The first person who presented—let’s call him A.—decided just to stand up and describe his ritual without any visual aids (he and his mentor both claimed to be “unable to draw,” and since content was my first priority, I saw no reason to object). He was the one I mentioned who was a bit anxious during the first session. Since he has trouble writing, his mentor wrote down all his ideas and just served to prompt him with a question here and there whenever he paused during his presentation. As A. started describing his ritual, I realized that he was describing a quest. He imagined a tribe of explorers and hunters in NYC. To gain membership, initiates—15 males and 15 females—had to be between the ages of 15 and 18. The boys have to dress all in dark blue sweats, sneakers, and tank tops. The girls are similarly garbed in black. They would be divided into two mixed-gender teams and instructed to search for two different pairs of 8-in rare blue diamond-encrusted stilettos. One pair would be hidden in Manhattan, the other in Brooklyn. Rather than competing with each other, each team would be assigned to one borough and they would have to face people outside the tribe who have been hired by the tribal leader to hurt or mislead them. Since the challenges involved include strangers trying to harm them physically or lie and mislead them away from the shoes, initiates have to have “mental strength” in addition to physical strength, in order to keep their wits about them and locate the shoes in three days, with the only hint being that they should look at any store that sells shoes. Each team must come back intact. Even if someone finds the shoes, it doesn’t count unless everyone returns alive. (A. did not articulate this explicitly as a value, but he obviously prizes loyalty, cooperation, and caring for your companions.) The individuals who do locate the shoes then get to be celebrated in a special ceremony. Although they do not get to keep the stilettos (they go to the leader’s daughter), they get a brand new set of clothes: the men are given a crown, a suit, and dress shoes; the women a dress, high heels, and a tiara. Then they get to feast at a banquet with all kinds of food (A. loves to cook and wants to be a chef), surrounded by bright lights and rainbow-colored balloons. After the celebration they are considered adults who are ready to go out on their own, get a job, and take on anything the world has to offer.

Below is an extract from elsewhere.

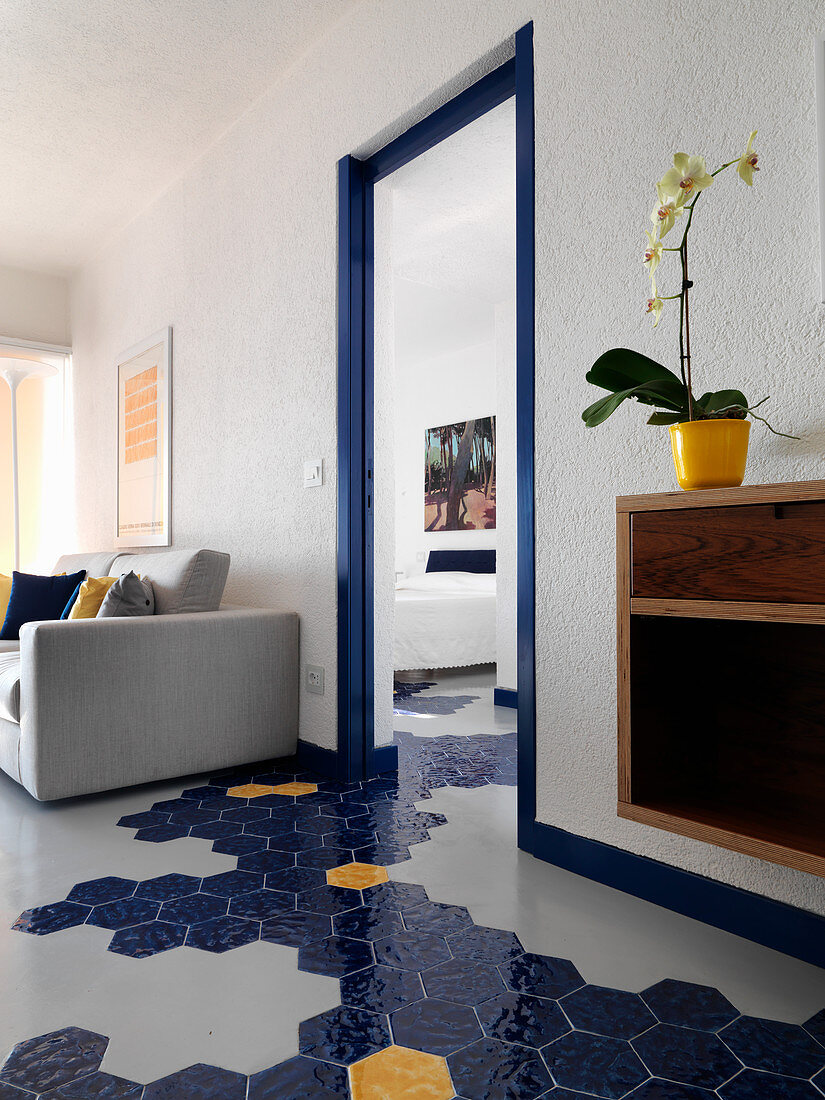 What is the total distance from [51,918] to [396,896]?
28.4 inches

You might notice that very visual and narrative nature of this ritual. Indeed, when I later spoke to A.’s mentor, she said that he was very interested in film and that she helped ease his anxiety about the activity by telling him that he didn’t need to write or draw, but just envision everything in his head as if it were a movie. I hate to sound so hyperbolic about this, but that is world-class mentoring. She is the reason why A. was able to deal with his anxiety productively during the follow up session. As much as I’d love to take all the credit for how well the Tribal Rites of Passage workshop went, so much rested on the relationships already established between the adults and the young people in the group.

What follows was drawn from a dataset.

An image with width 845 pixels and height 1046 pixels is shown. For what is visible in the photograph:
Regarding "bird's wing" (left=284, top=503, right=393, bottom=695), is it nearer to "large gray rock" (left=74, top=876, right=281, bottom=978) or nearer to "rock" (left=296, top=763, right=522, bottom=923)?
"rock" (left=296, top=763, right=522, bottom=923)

Indexes of engagement « Minds On Fire · March 19, 2012 at 1:04 pm

[…] The second person who came in was the one of the youths who struggles with reading and writing. I’d been warned that one of his defense mechanisms is saying he’s “bored,” so I knew what to expect in the first session. Last Thursday I greeted him when he walked in and he smiled brightly and asked what we were going to do. I explained that they were all going to design their own tribal rite of passage, but that it would be a “no pressure zone,” meaning each young person could choose how they wanted to present their project (by drawing or writing their ideas out) and to what extent they wanted to lean on their mentors. The mentors are used to reading and writing things out for their partners, since the point of the group is to work on self development, not academic skills. The group facilitator and I discussed beforehand that we would let mentors present for the youth, if that is what they preferred. Again, he smiled at this. There was no trace of the anxiety that plagued him during the last session. There was a significantly visible difference in his demeanor. (I’ll return to this in a later post.) […]

A tribal ritual that hits close to home « Minds On Fire · March 20, 2012 at 2:56 pm

[…] A.’s ritual was infused with a spirit of adventure, B., the second young person to present, described a rite of […]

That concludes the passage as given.